|First Oil Wells|
The First Oil Wells. The Chinese have used oil and gas for many centuries. There is no record of when Chinese began using natural gas, but clearly in Szechuan the local people were drilling down hundreds of feet into the earth to get natural gas and brine before the start of the Han Dynasty, before 400 B.C. The Chinese used bamboo pipelines to carry natural gas and mix it with air to yield a usable source of fuel for fires. The initial discovery of natural gas may have come as a serendipitous byproduct of the search for brine and salt, and the natural gas fires were certainly used on brine taken from wells to evaporate the water and recover salt. Natural gas wells were called fire wells (火井).
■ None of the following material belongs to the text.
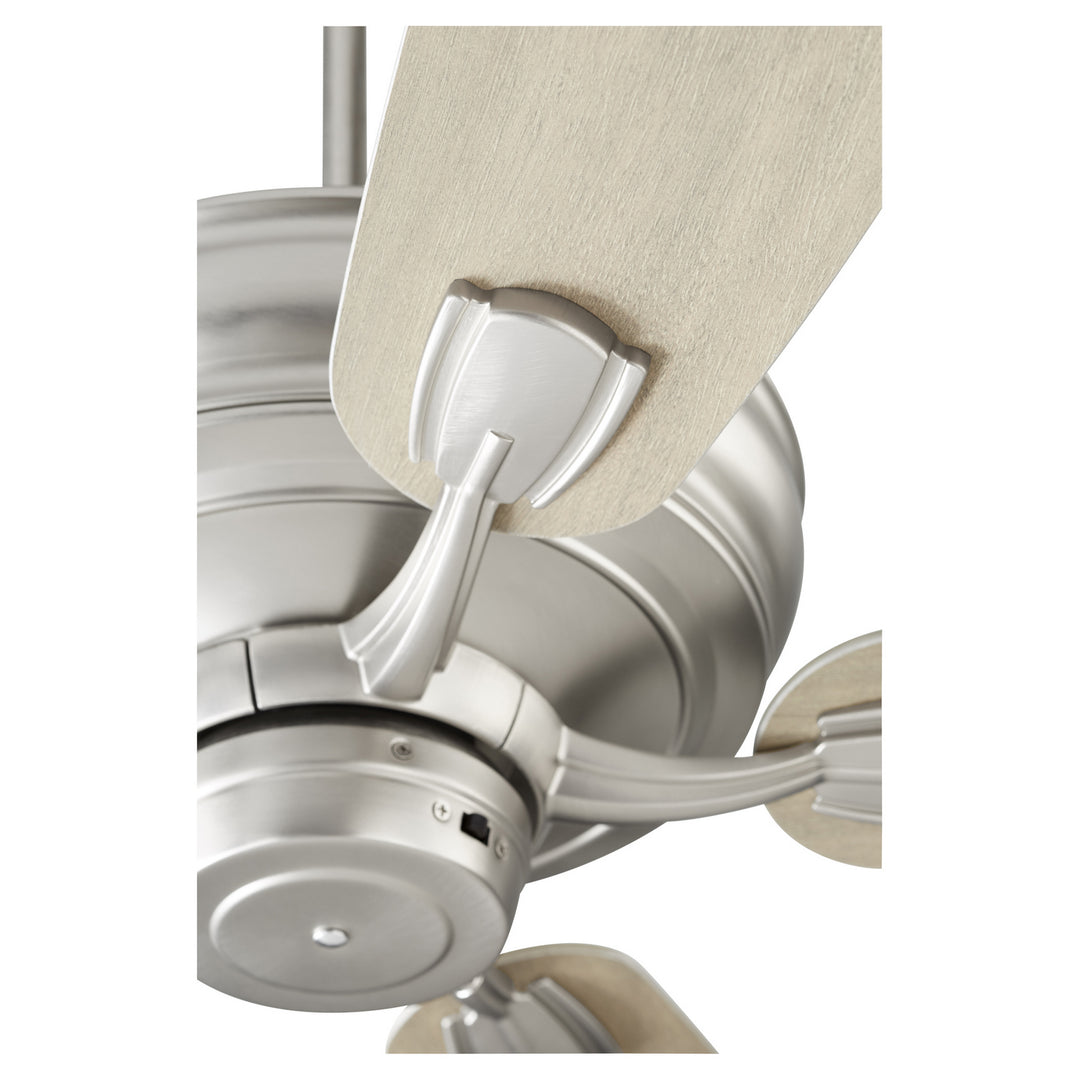 Quorum Gamble 50605-65 Ceiling Fan 60 in. - Satin Nickel, Silver/Weathered Gray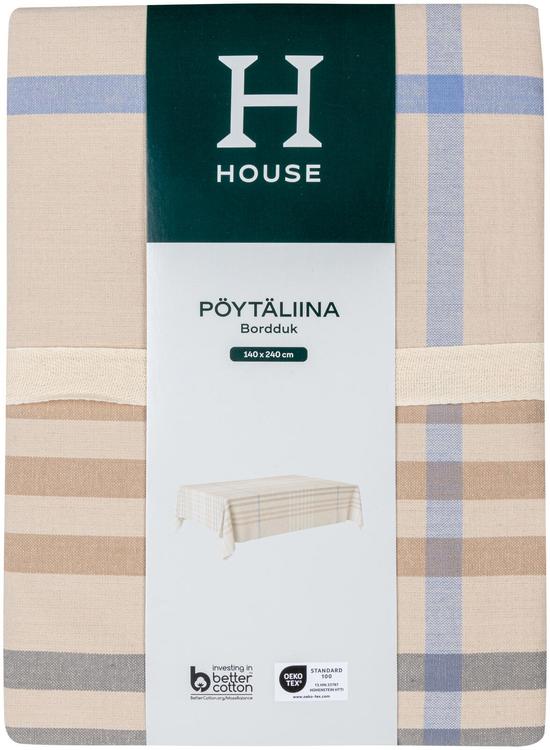 House pöytäliina Country-ruutu 140x240 cm beige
By the first century B.C., the technology of well-drilling had advanced, and Chinese engineers were able to dig down over 800 feet, and commonly did so as part of a brine industry in Szechuan.
In ancient times, when people found oil underground or seeping up to the surface, they called it Ruoshui (弱水) or Shiqi (石漆) or Shi-ji-shui (石脂水) or Shi-nau-yo (石腦油). During the Song dynasty a scientist named Shen Kua reviewed the various terms used to describe petroleum and gave it the name Shi-yo (stone oil, 石油). In 1090 Shen Kua wrote a book called Dream Pool Essays in which he predicted that fossil fuels such as oil and natural gas would become widely used for energy. Early Chinese uses for oil included weaponry, medicine, lubricants, ink, and lighting. Shen Kua was farsighted in his predictions about the worldwide use of oil.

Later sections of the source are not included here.